Alliance Trust is to wield the jobs axe as part of a major restructuring designed to improve investment performance.
The firm’s chief executive, Katherine Garrett-Cox, has also been demoted from the company’s main board as part of an overhaul of the business prompted activist shareholders.
The revamp announced by chairman Karin Forseke is one of the largest in the company’s 127 year history and follows a failed attempt to see off an attack by a shareholder Elliott Advisers in the Spring.
The Trust was given a year’s grace to improve its operational performance after agreeing a truce with Elliott just hours before the group’s AGM.
The firm has spent the past months consulting with shareholders on how the Trust should operate in future.
Reducing costs is a key element of the plan with a £6million savings target laid down for the coming year.
The company declined to say how many jobs will be cut but it is understood the figure is likely to be in the tens rather than hundreds
That figure will be achieved through a combination of operational efficiencies – the board is targeting reducing the ongoing charges ratio by at least 15 basis points to 45bps or less – and a reduction in the workforce.
The new structure will also see the Trust establish its first fully independent board consisting entirely of non-executive directors.
Ms Garrett-Cox remains as CEO of Alliance Trust, a director of the Alliance Trust Investments (ATI) business, but will no longer have a seat on the main board, a position she has held for the past eight years.
The other executive director, chief financial officer Alan Trotter, is leaving the business after five years.
The reforms will also see independent boards created for the main subsidiaries ATI and Alliance Trust Savings.
The Trust will sell off non-core assets – including legacy mineral rights – and focus its efforts primarily on the global equities market.
It has adopted the MSCI All Country World Index as a formal performance benchmark.
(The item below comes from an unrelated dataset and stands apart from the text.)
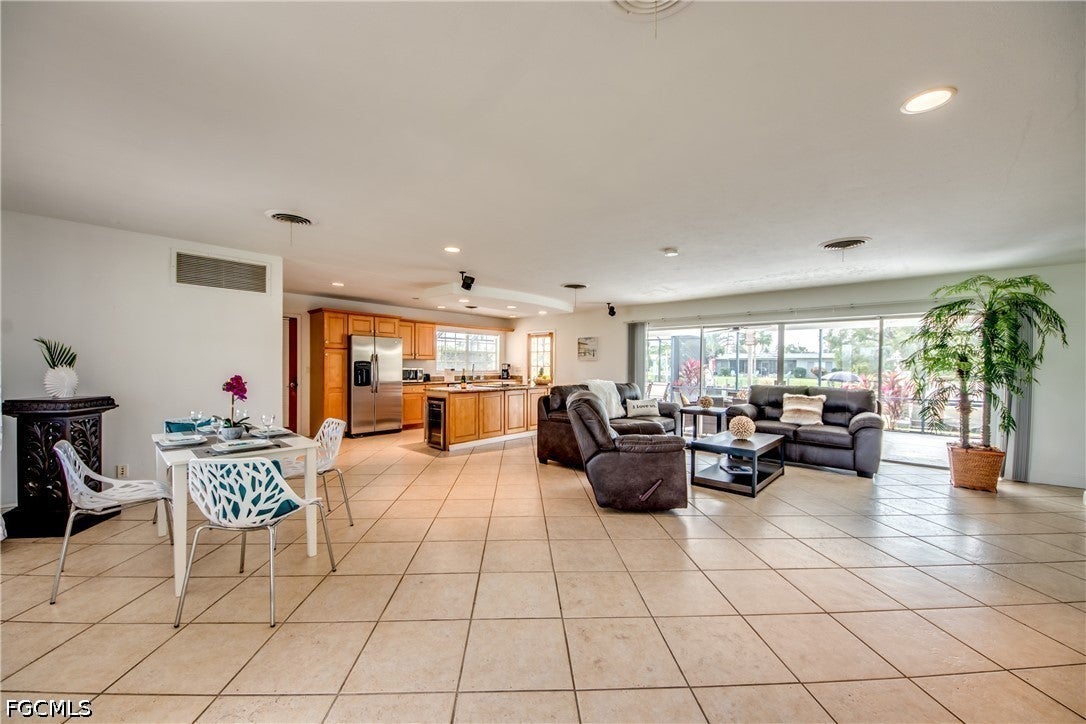5359 Majestic Ct, Cape Coral, FL 33904 photo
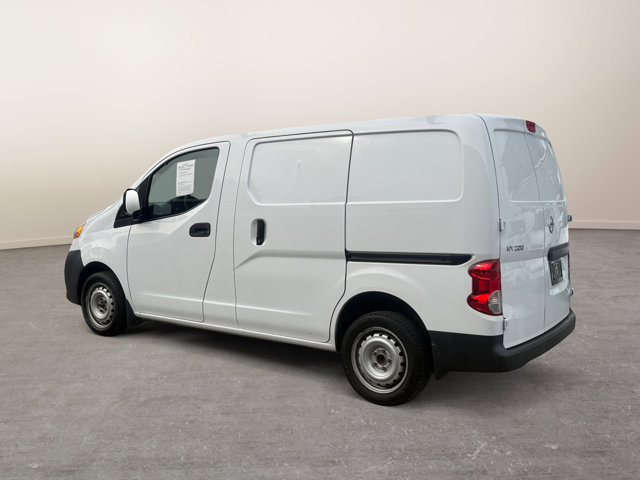 Vehicle image 7 of 36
Management of the Trust’s portfolio will continue to be carried out-inhouse by ATI but there was a warning that future underperformance could lead to the function being outsourced to a third party a – move that would inevitably involve further job losses.
Ms Forseke said the past few months had been a “particularly challenging period” for the Trust but said she was confident it would emerge stronger.
“The actions announced today, taken together, represent some of the biggest changes in our history and are designed to further improve shareholder value,” she said.
“They will provide our shareholders with an investment trust which aims to outperform a clear benchmark from a cost base which is among the lowest in the sector.
“In addition we plan to continue to pay a progressive dividend and create shareholder value from our investment in two profitable subsidiary businesses, beginning in 2016.
“All of this is underpinned by the board’s commitment to a single figure discount.